Data block: Begin
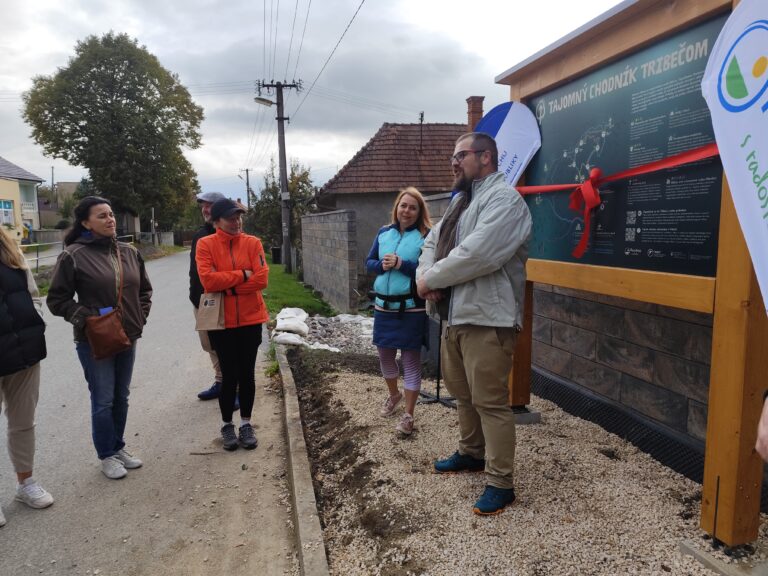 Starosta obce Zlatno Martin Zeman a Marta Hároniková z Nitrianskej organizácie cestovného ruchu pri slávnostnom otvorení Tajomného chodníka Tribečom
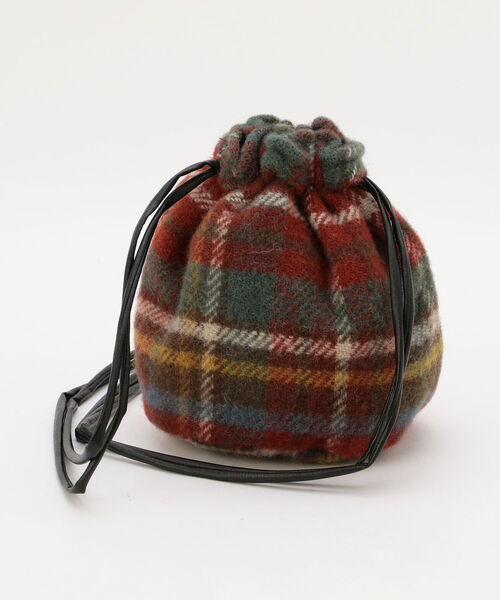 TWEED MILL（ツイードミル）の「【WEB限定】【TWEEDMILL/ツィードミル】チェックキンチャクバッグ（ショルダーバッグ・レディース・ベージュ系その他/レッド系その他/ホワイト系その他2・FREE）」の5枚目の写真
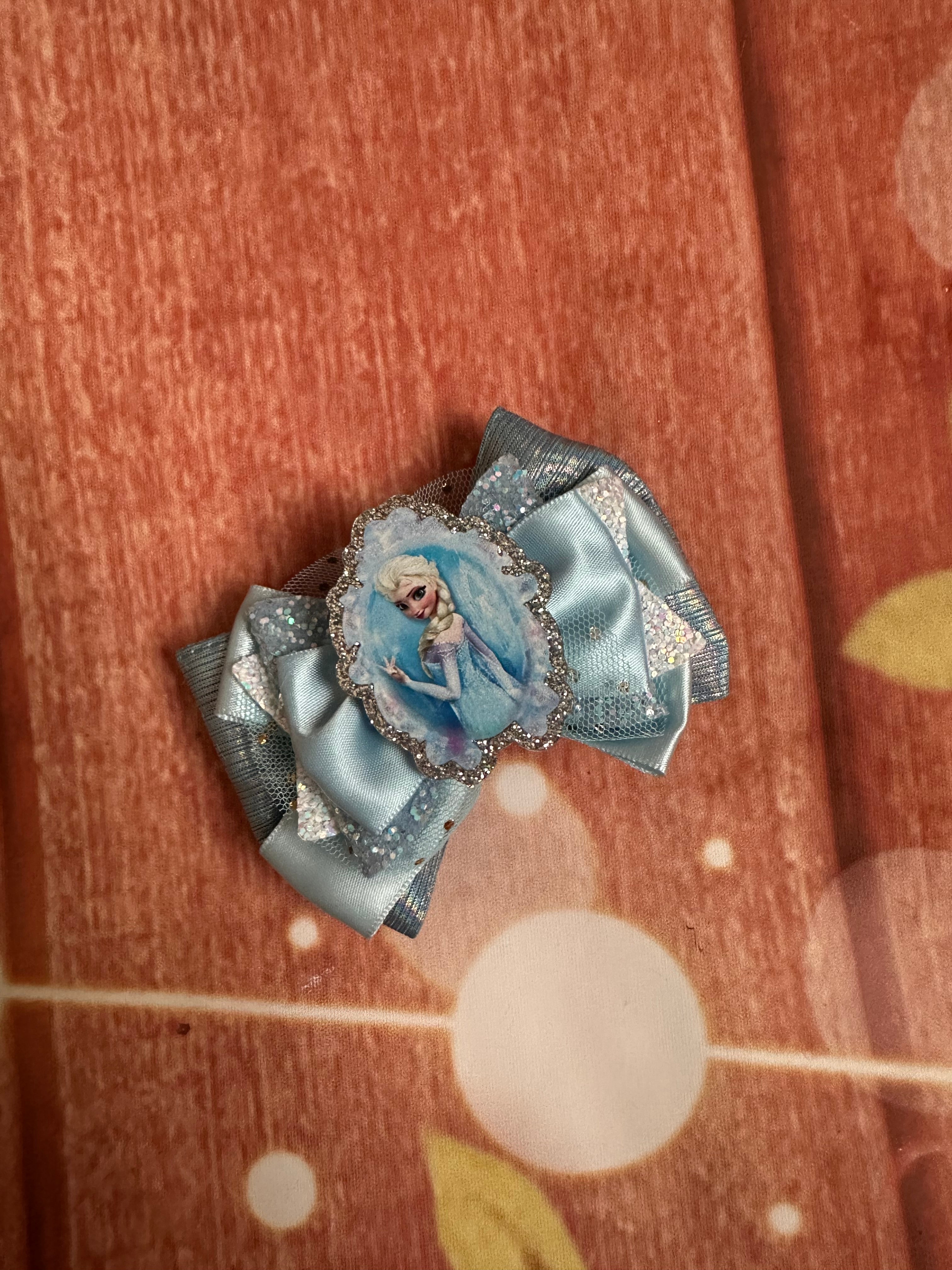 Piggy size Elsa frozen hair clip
Data block: End
• What is being asked: Copy out all of the data word for word. Do not carry over any picture.

• Response area:
 Starosta obce Zlatno Martin Zeman a Marta Hároniková z Nitrianskej organizácie cestovného ruchu pri slávnostnom otvorení Tajomného chodníka Tribečom
 TWEED MILL（ツイードミル）の「【WEB限定】【TWEEDMILL/ツィードミル】チェックキンチャクバッグ（ショルダーバッグ・レディース・ベージュ系その他/レッド系その他/ホワイト系その他2・FREE）」の5枚目の写真
 Piggy size Elsa frozen hair clip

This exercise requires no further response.